That sounds harsh? Yes, well, I’ve been there, loaded with doubt dropped on me by sage counsel. Here is what I have figured out in that laden state: Camaraderie, not superiority, is the mark of an adult relationship. The need to parent or school or temper another’s desires or the actions someone takes from the temple of her or his desires is all about the ego of the one giving the advice.
You can grow old, drop dead, and rot with commendable amounts of caution buttoning your words—or whatever form your expression takes—respectfully inside your skin. But that’s a shabby legacy and no fun to live at all. While any work, even done in silence, unobserved, is worth your time by virtue of the benefit of process, if you stick it all under your bed, the effect of all that work is arrested. Art stops. Chilling.

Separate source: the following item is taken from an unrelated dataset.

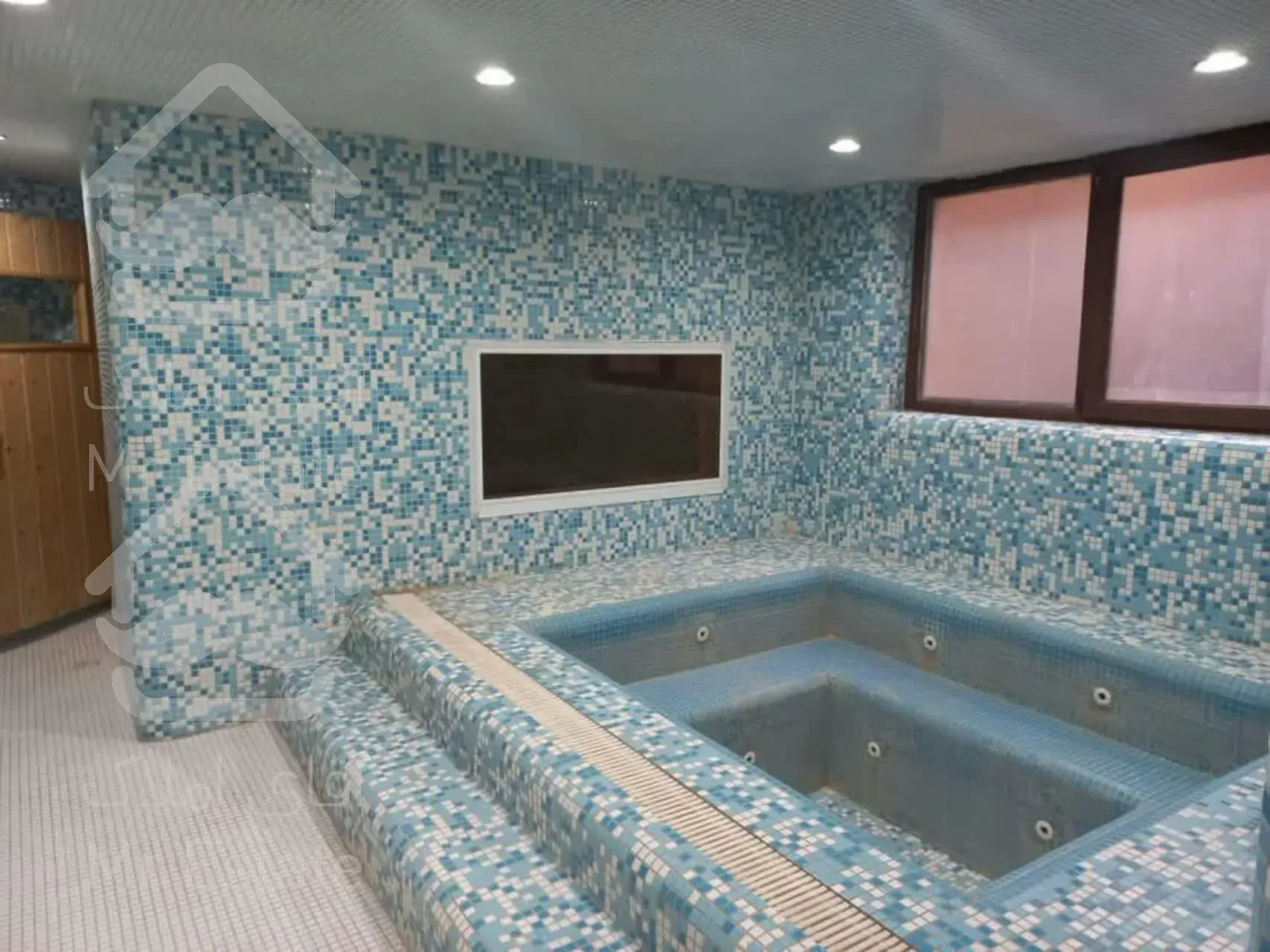 فروش ۳۲۰ متر پنت هاوس با ویو دریاچه و ایران مال در برج مجلل تریتیوم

I’m not suggesting you submit first drafts. No slippery slopes, please. You do what you need to do to get yourself and your art ready for daylight. I trust you. I trust myself, too, shockingly.
So there it was, and here it is, the bottom line: I trust you to do your work, to live in discernment of the merit of your work, to create from a place of ambition—not for recognition, but for doing good, solid, meaningful work. And if ambition for recognition happens to be your thing, then I trust you to wear your ardor for glory with style. You do not have to apologize for needing money, for wanting to make money with your writing or art or acting or directing. The only dues you need to pay is the work itself and—if you want to be really above and beyond about it all—the promise to listen to your fellows with empathy and support when it is their turn to talk about their work.
Someone who otherwise loves or likes or knows you but who continually cautions you to hold back, to hold off, may be offering you the best of their wisdom—or they may just be horrible at communicating—but you don’t have to assimilate cautionary tales (except for the one about not texting while driving—don’t do that). You just have to get on with it.
My daughter, born to art, will be looking for the trail…I have to cut it wide and clear.